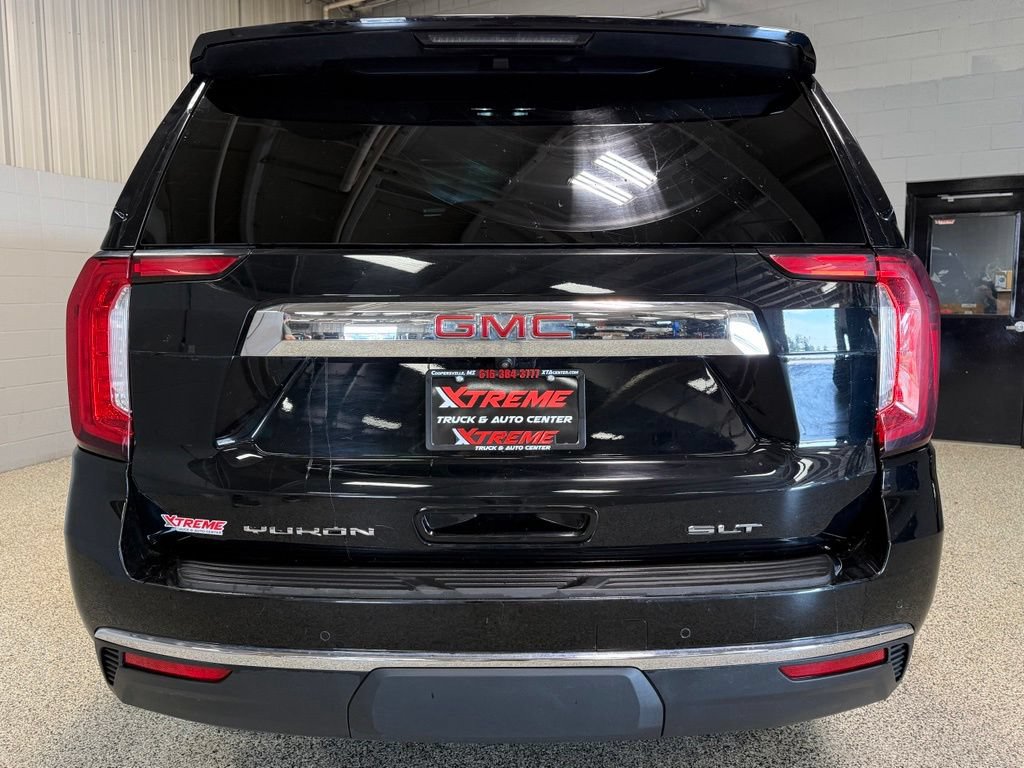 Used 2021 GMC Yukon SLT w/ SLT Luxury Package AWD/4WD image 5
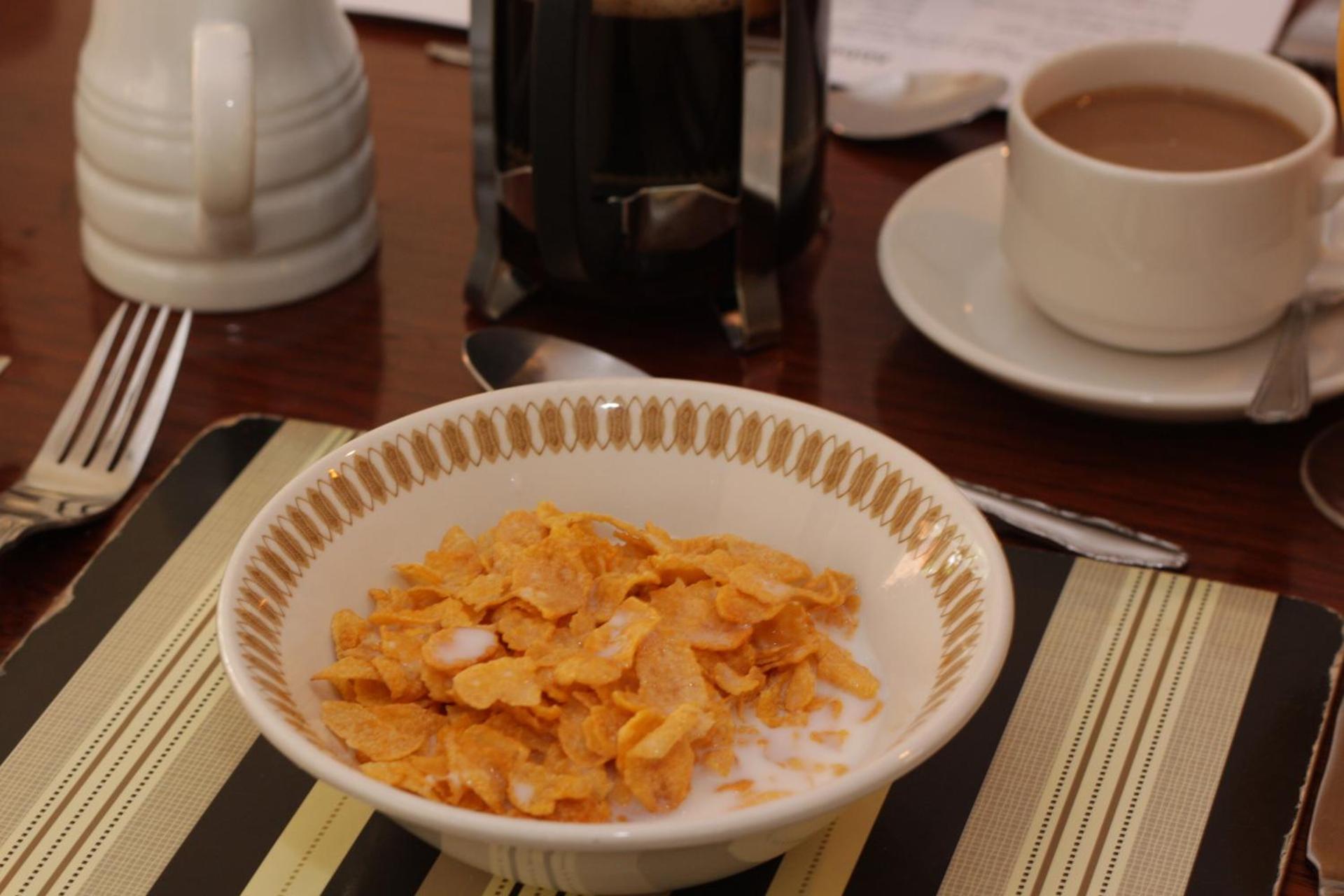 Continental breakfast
==
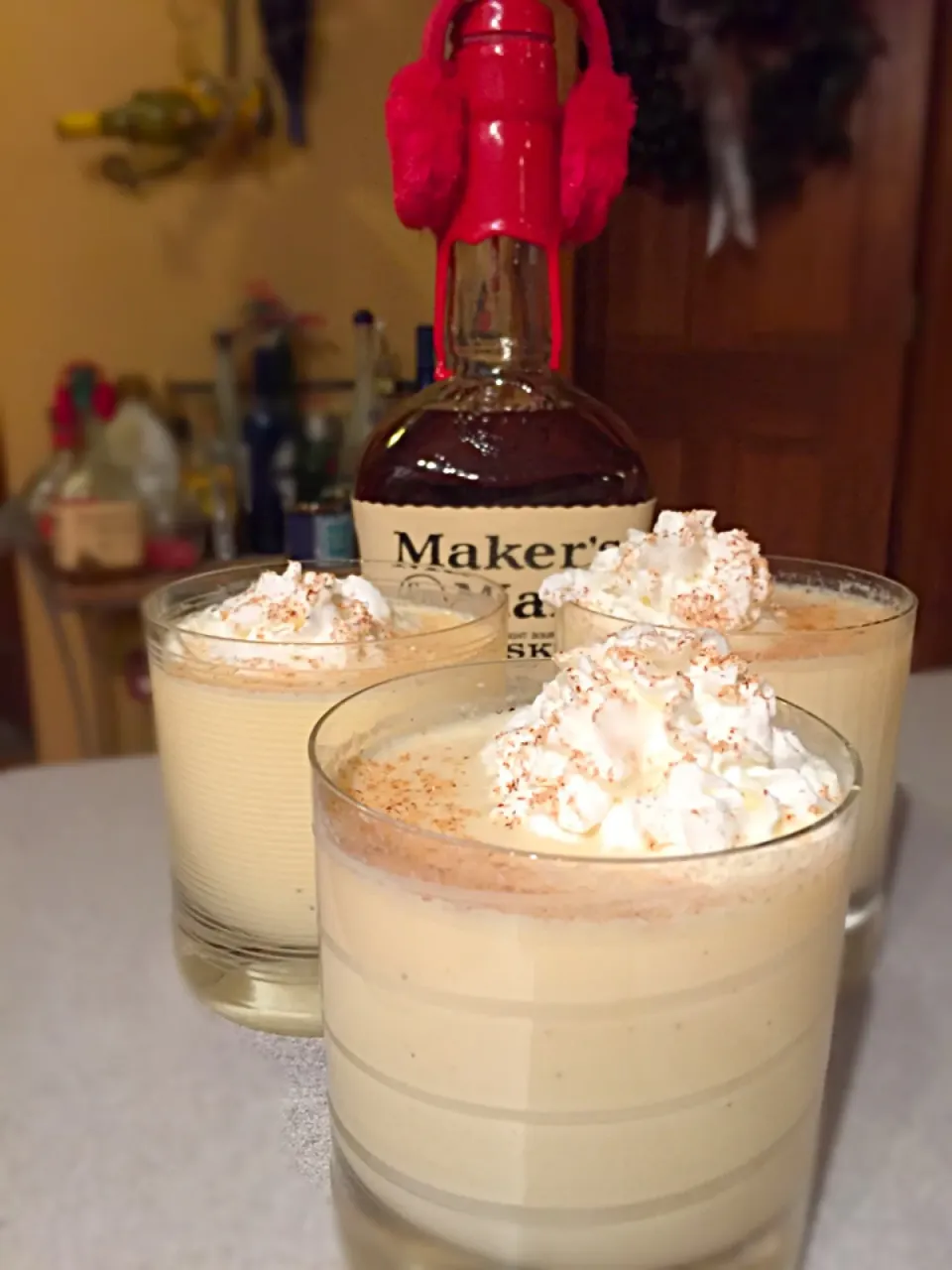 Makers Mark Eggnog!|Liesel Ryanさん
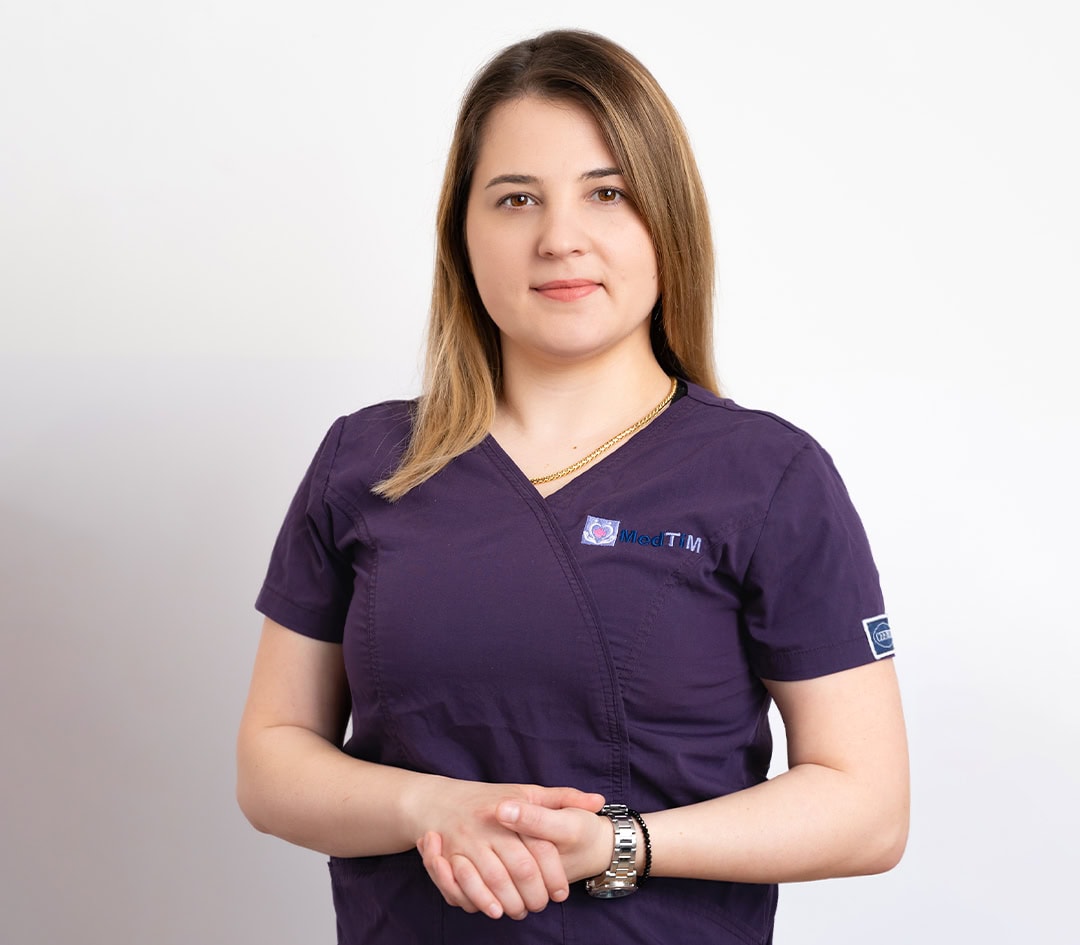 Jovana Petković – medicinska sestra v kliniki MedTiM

▶ **REQUIRED WORK**
Output only the lines above from the line that holds "Makers Mark Eggnog!|Liesel Ryanさん" through the line that holds "Jovana Petković –", both ends included, and exclude pictures.

▶ **ANSWER BOX**
 Makers Mark Eggnog!|Liesel Ryanさん
 Jovana Petković – medicinska sestra v kliniki MedTiM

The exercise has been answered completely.